* Exercise description
Type the listing below out again exactly. No images.

* Provided material
===

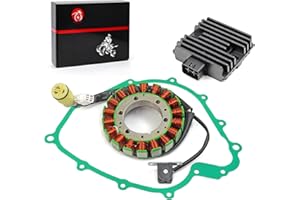 Stator & Regulator Rectifier Gasket Compatible with Yamaha Grizzly 660 YFM 660 Rhino 660 YXR660 2002-2008 5KM-81410-01-00 5BN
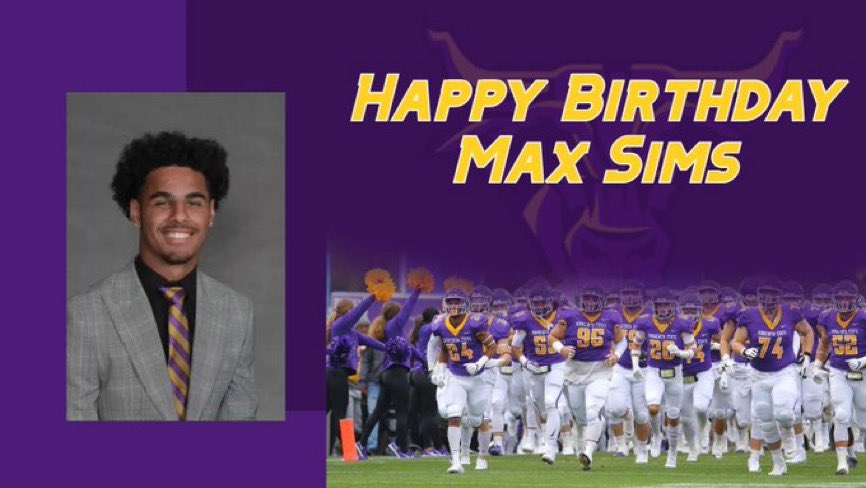 Maverick Football Scoop (@maverick_scoop) on Twitter photo We here <a href="/MinnStFootball/">Minnesota State Football</a> would love to wish <a href="/MaximusSims/">Maximus Sims</a> a VERY HAPPY BIRTHDAY! We hope you have a Great Day! #MavFam 🤘🏽😈🎉🎂🥳 We here <a href="/MinnStFootball/">Minnesota State Football</a> would love to wish <a href="/MaximusSims/">Maximus Sims</a> a VERY HAPPY BIRTHDAY! We hope you have a Great Day! #MavFam 🤘🏽😈🎉🎂🥳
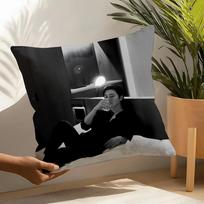 Pop Star P-Park S-Seojuns Pillow Case Home Living Room Decoration Linen Pillow Cases Cushion Cover Peach skin 18*18(CM)-1Pcs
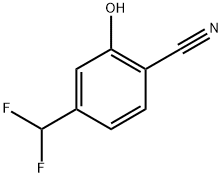 Benzonitrile, 4-(difluoromethyl)-2-hydroxy- Struktur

===

* Answer for this exercise
 Stator & Regulator Rectifier Gasket Compatible with Yamaha Grizzly 660 YFM 660 Rhino 660 YXR660 2002-2008 5KM-81410-01-00 5BN
 Maverick Football Scoop (@maverick_scoop) on Twitter photo We here <a href="/MinnStFootball/">Minnesota State Football</a> would love to wish <a href="/MaximusSims/">Maximus Sims</a> a VERY HAPPY BIRTHDAY! We hope you have a Great Day! #MavFam 🤘🏽😈🎉🎂🥳 We here <a href="/MinnStFootball/">Minnesota State Football</a> would love to wish <a href="/MaximusSims/">Maximus Sims</a> a VERY HAPPY BIRTHDAY! We hope you have a Great Day! #MavFam 🤘🏽😈🎉🎂🥳
 Pop Star P-Park S-Seojuns Pillow Case Home Living Room Decoration Linen Pillow Cases Cushion Cover Peach skin 18*18(CM)-1Pcs
 Benzonitrile, 4-(difluoromethyl)-2-hydroxy- Struktur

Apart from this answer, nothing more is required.